A report over German web-site suggests that the next-generation graphics processors from ATI Technologies currently kept under wraps and due sometime in April or March will not sport Pixel Shaders 3.0 and Vertex Shaders 3.0 – features that many considered as the main innovation of this year’s graphics chips.

Apparently, the Markham, Ontario-based graphics company decided to concentrate on delivering ultimate performance in applications that rely on Pixel and Vertex Shader 2.0 and lower. The source believes it is possible to expect R420/R423 visual processing units to deliver doubled geometry performance over the previous high-end products from ATI Technologies. Core-clock and architectural enhancements of the part are also projected to pump up the speed of the R420 heavily compared to the RADEON 9800-series offerings.

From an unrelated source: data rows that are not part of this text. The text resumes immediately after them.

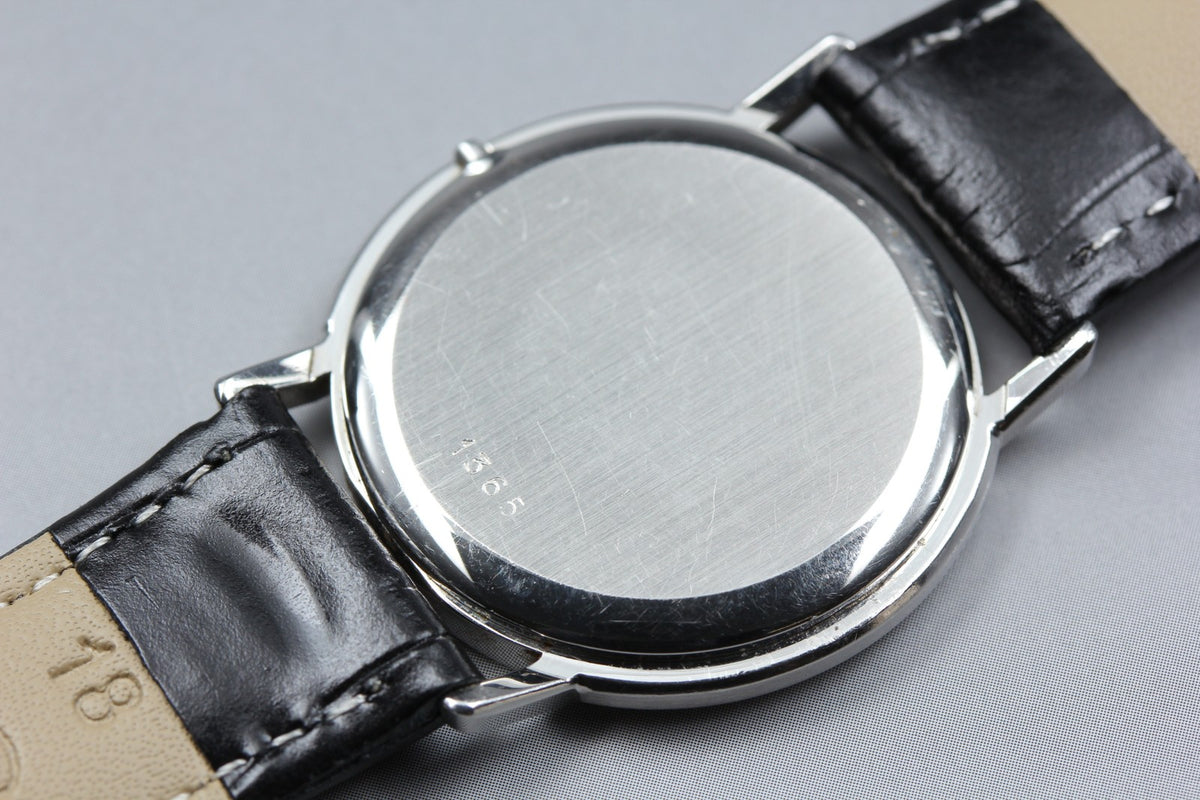 1980 Near MINT OMEGA De Ville 32mm 191.0101 Quartz Silver Roman Dial Men Vintage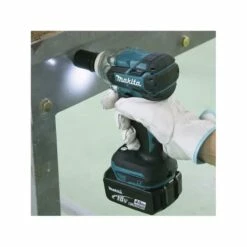MAKITA Boulonneuse à Chocs 280Nm 18V 5.0Ah - DTW285RTJ -Bosch Soldes Magasin makita boulonneuse a chocs 280nm 18v 50ah dtw285rtj 2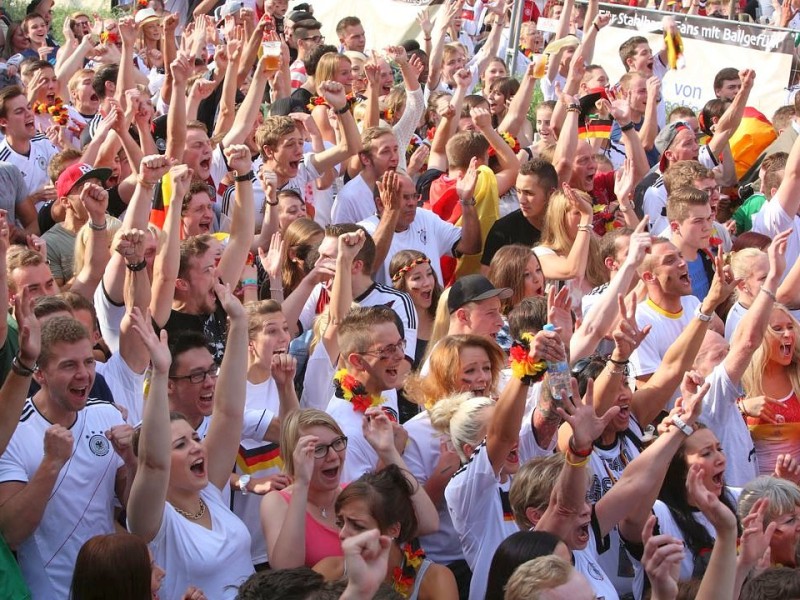 So jubelten und zitterten die Fans beiM Public Viewing in der Essener Bar Celona an der Westfalenstraße.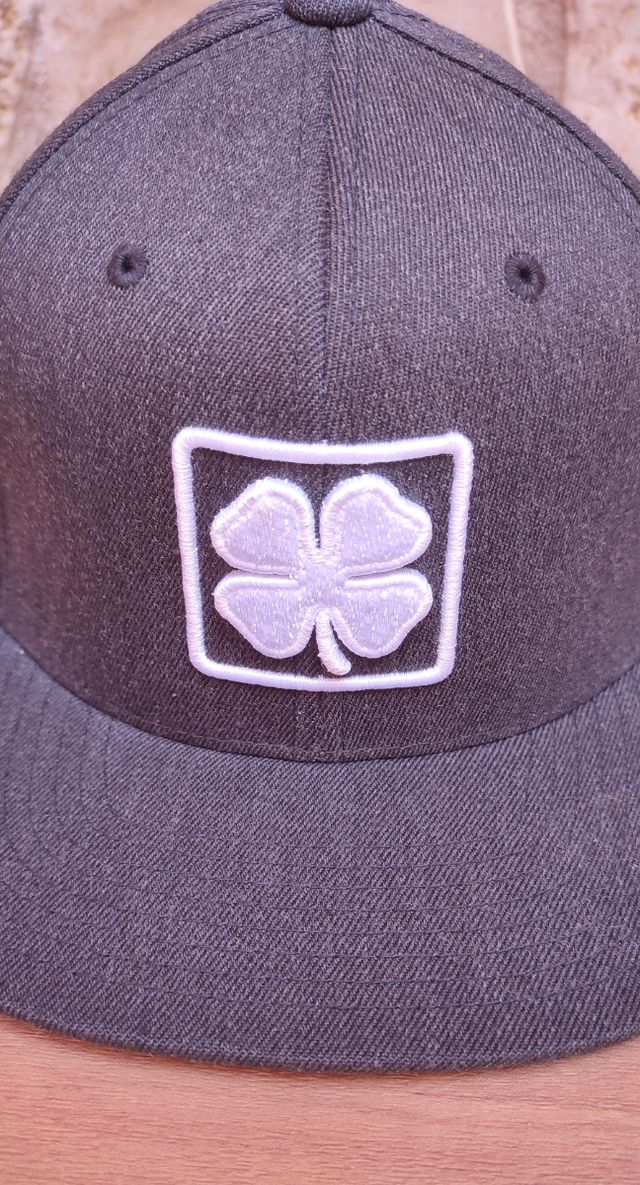 Cappello Live Lucky Quadrifoglio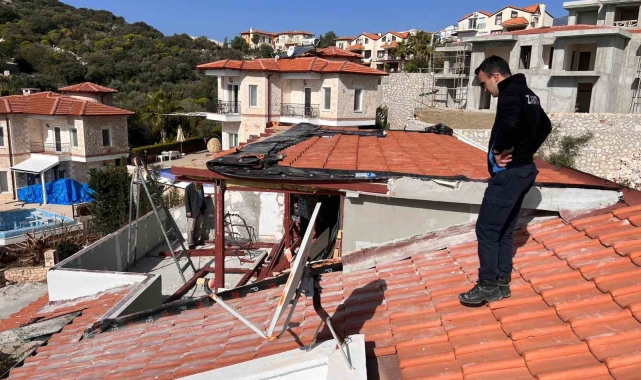 Kaş'ta 2 yapının kaçak bölümleri belediye ekiplerince yıkıldı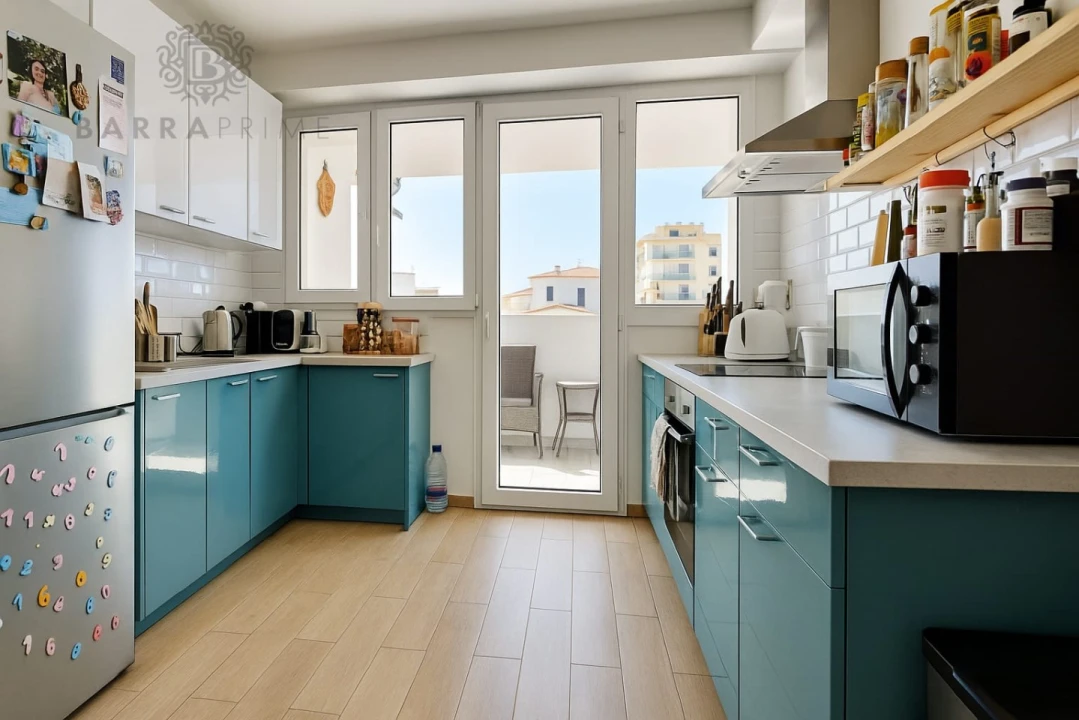 Apartamento T3 para Venda em Quarteira Foto 4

According to previously released information, the ATI code-named R420/R423 graphics processors will contain about 160 million of transistors and will be produced using low-k 0.13 micron technology at TSMC. The chips are projected to utilize the current R300 architecture, but with general improvements in performance. The upcoming VPUs’ 8 rendering pipelines with unknown number of TMUs as well as 6 vertex shader engines along with new FSAA and anisotropic filtering patterns are said to be the key drivers of the speed upwards.

While the RADEON 9800-series contains a number of improvements in Pixel Shaders functionality over the RADEON 9700 family, dubbed F-Buffer technology, and it is possible to expect ATI to add support for some innovative features among Pixel Shader and Vertex Shader processing into the R420 and its successors, it is pretty clear that those capabilities will hardly be widely utilized.

Historically graphics chip companies put in additional capabilities exceeding DirectX  specifications into their graphics processor not just in order to prolong the lifespan of the their products, but to implement a number of specific features not directly related to PC gaming.

ATI Technologies’ arch-rival NVIDIA’s upcoming NV40 GPU is projected to handle both Pixel and Vertex Shaders 3.0 functionality and also deliver significantly higher performance compared to the company’s current offerings.

It is not clear whether Microsoft supports Pixel Shaders 3.0 and Vertex Shaders 3.0 by its HLSL compiler or not, but their functionality have been enabled since the initial DirectX 9.0 release; in any case, NVIDIA is very likely to promote the new capabilities among game and professional applications developers. Unofficial sources suggest that a new version of Microsoft HLSL supporting Shaders 3.0 capabilities will be out around mid-year. Given that both NV50 and R500 processors are most likely to support Pixel Shaders 4.0 and Vertex Shaders 4.0 as well as all previous versions of DirectX shaders, support for innovative capabilities may really prolong the lifespan of NVIDIA’s next-generation NV40 graphics processing unit. However, there are no games announced that utilise Pixel Shaders 3.0 or Vertex Shaders 3.0 this year.

Officials from ATI Technologies did not comment on the report.